THE PROBLEM:
Drop the pictures and repeat the remaining data exactly.
** Opening EXERCISE MATERIAL block **
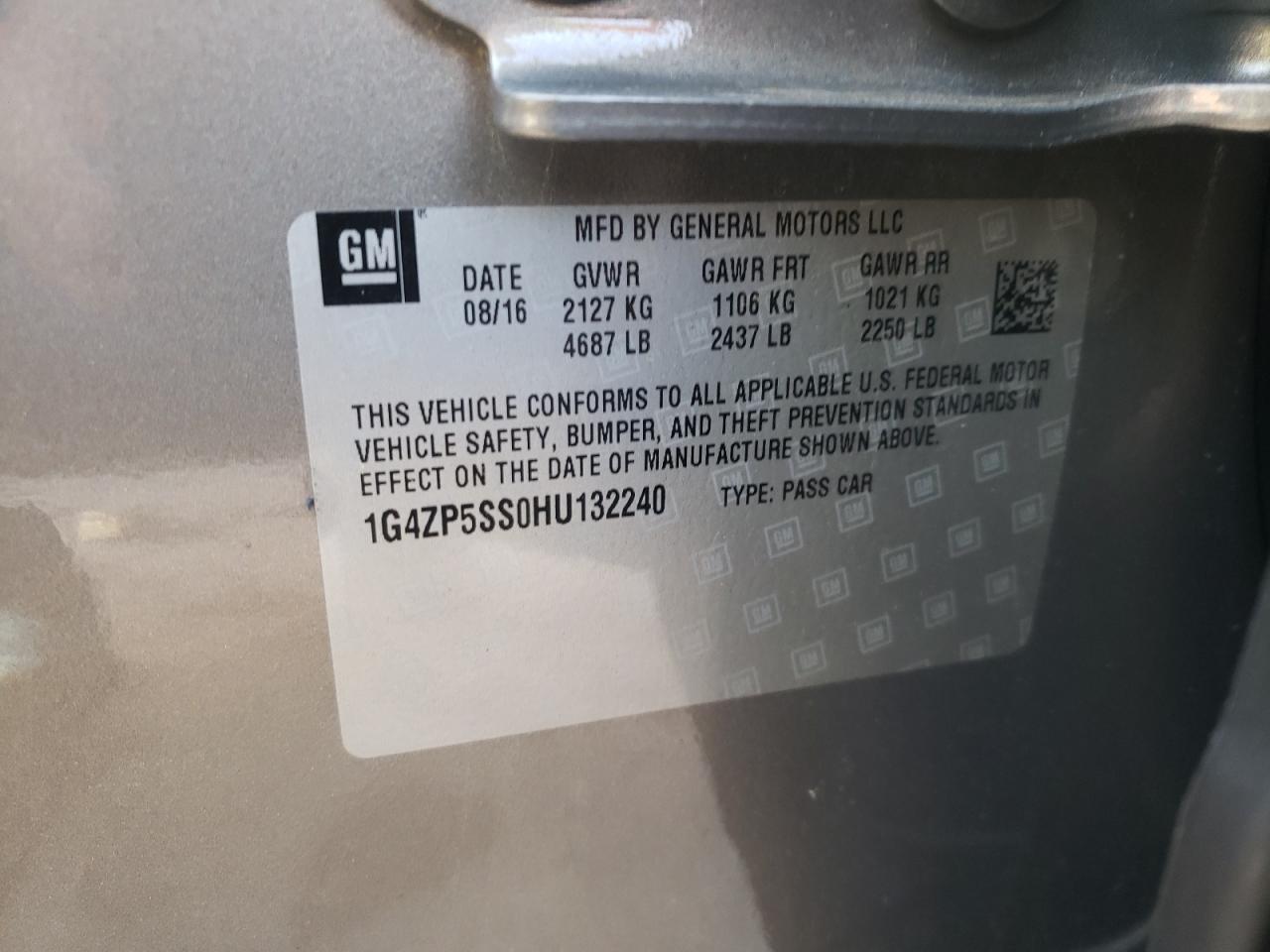 Photo 10 from auction – 2017 BUICK LACROSSE E with VIN 1G4ZP5SS0HU132240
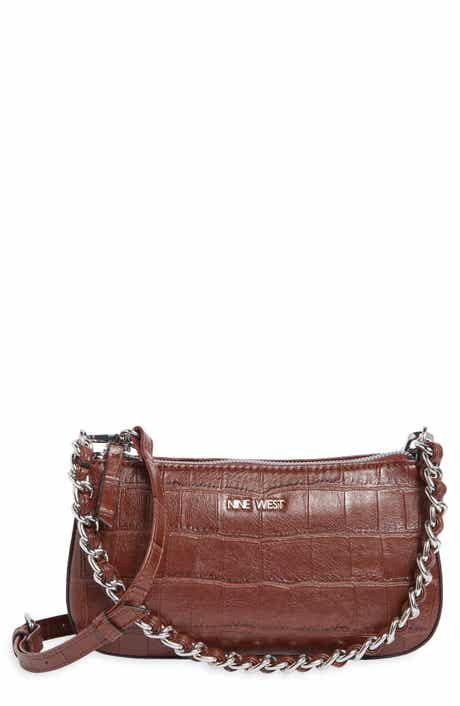 Jace Croc Embossed Faux Leather Shoulder Bag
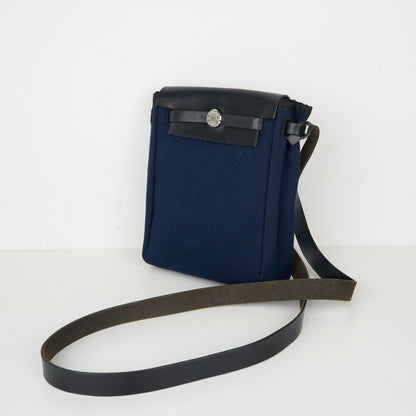 Hermes｜  Mini  Herbag Shoulder Bag Navy Black 2004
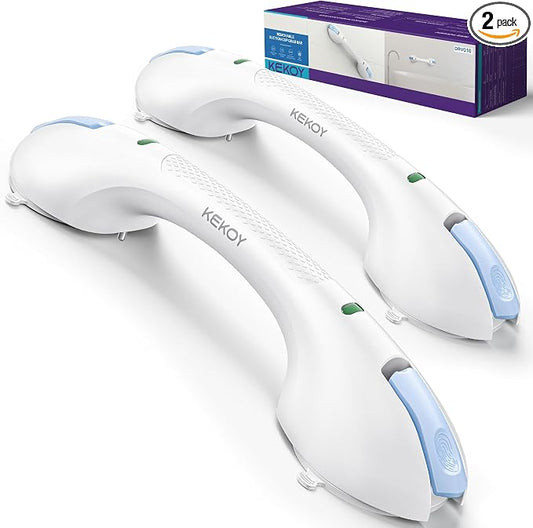 KEKOY 17.5 Inch Suction Grab Bars for Bathtubs and Showers with Indicator 2 Pack- Heavy Duty Safety Shower Handle for Seniors and Elderly, Handicap Bars for Bathroom, No Drilling and Removable, Blue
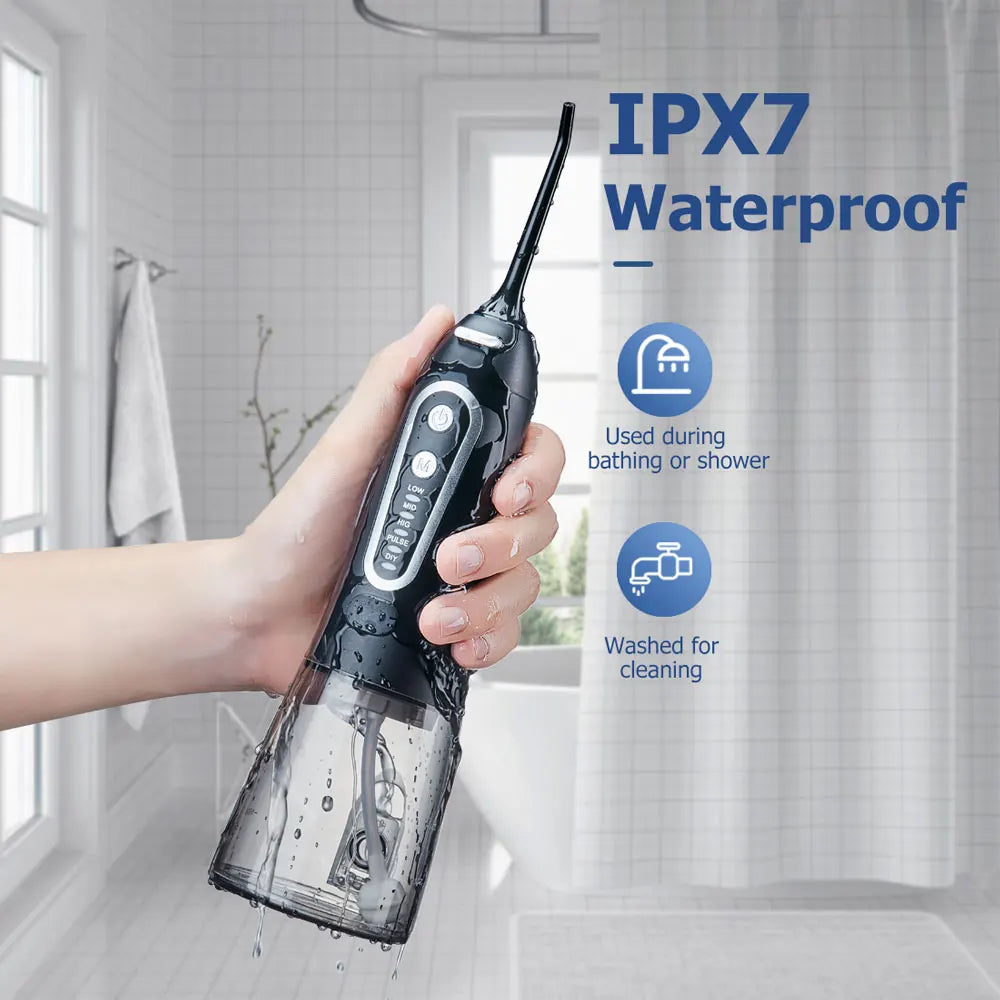 Oral Irrigator USB Rechargeable Water Flosser Portable Dental Water Jet 300ML Water Tank Waterproof Teeth Cleaner for Oral Care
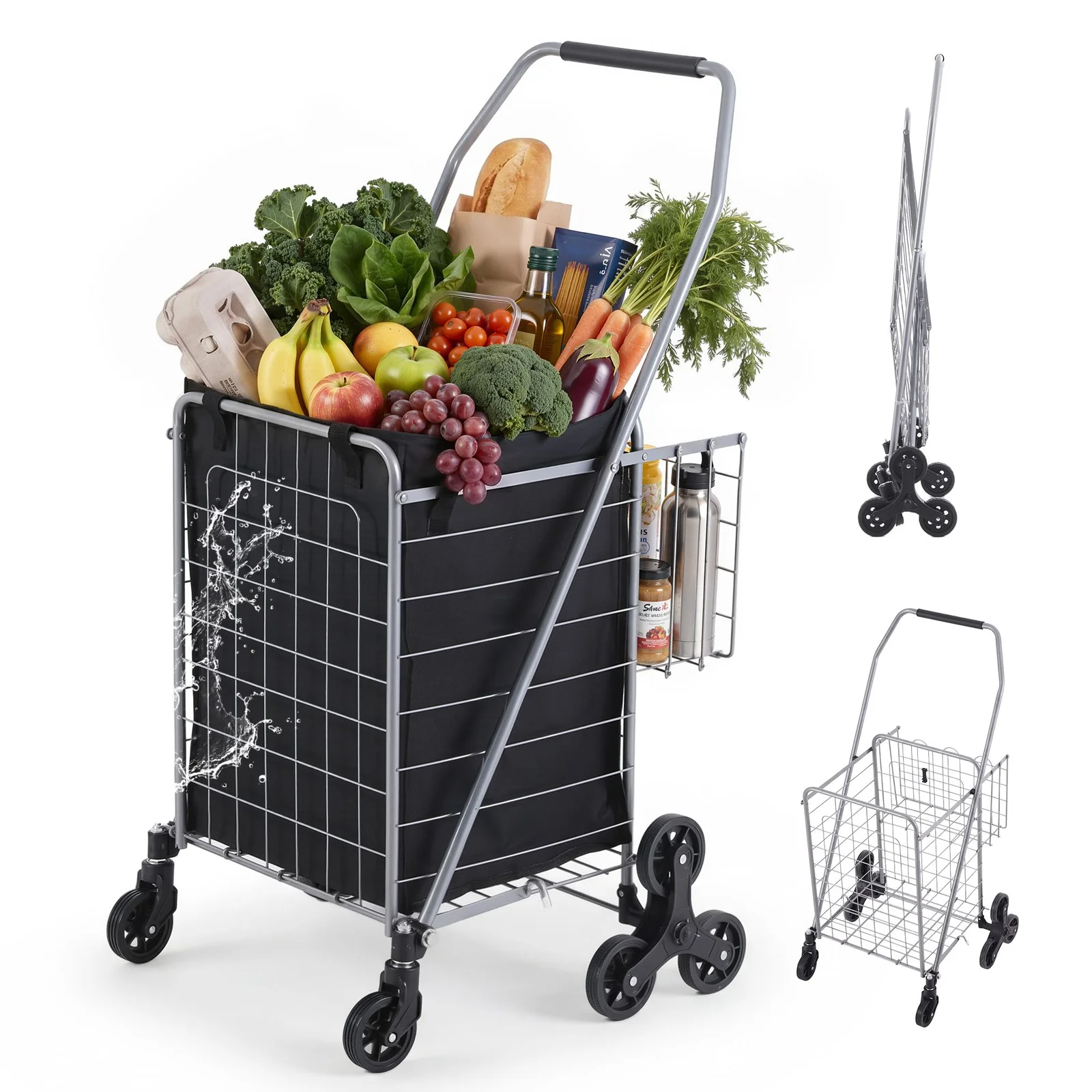 Emajin Shopping Trolley Cart Folding Aluminium Utility Cart Silver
** Closing EXERCISE MATERIAL block **
RESPONSE BOX:
 Photo 10 from auction – 2017 BUICK LACROSSE E with VIN 1G4ZP5SS0HU132240
 Jace Croc Embossed Faux Leather Shoulder Bag
 Hermes｜  Mini  Herbag Shoulder Bag Navy Black 2004
 KEKOY 17.5 Inch Suction Grab Bars for Bathtubs and Showers with Indicator 2 Pack- Heavy Duty Safety Shower Handle for Seniors and Elderly, Handicap Bars for Bathroom, No Drilling and Removable, Blue
 Oral Irrigator USB Rechargeable Water Flosser Portable Dental Water Jet 300ML Water Tank Waterproof Teeth Cleaner for Oral Care
 Emajin Shopping Trolley Cart Folding Aluminium Utility Cart Silver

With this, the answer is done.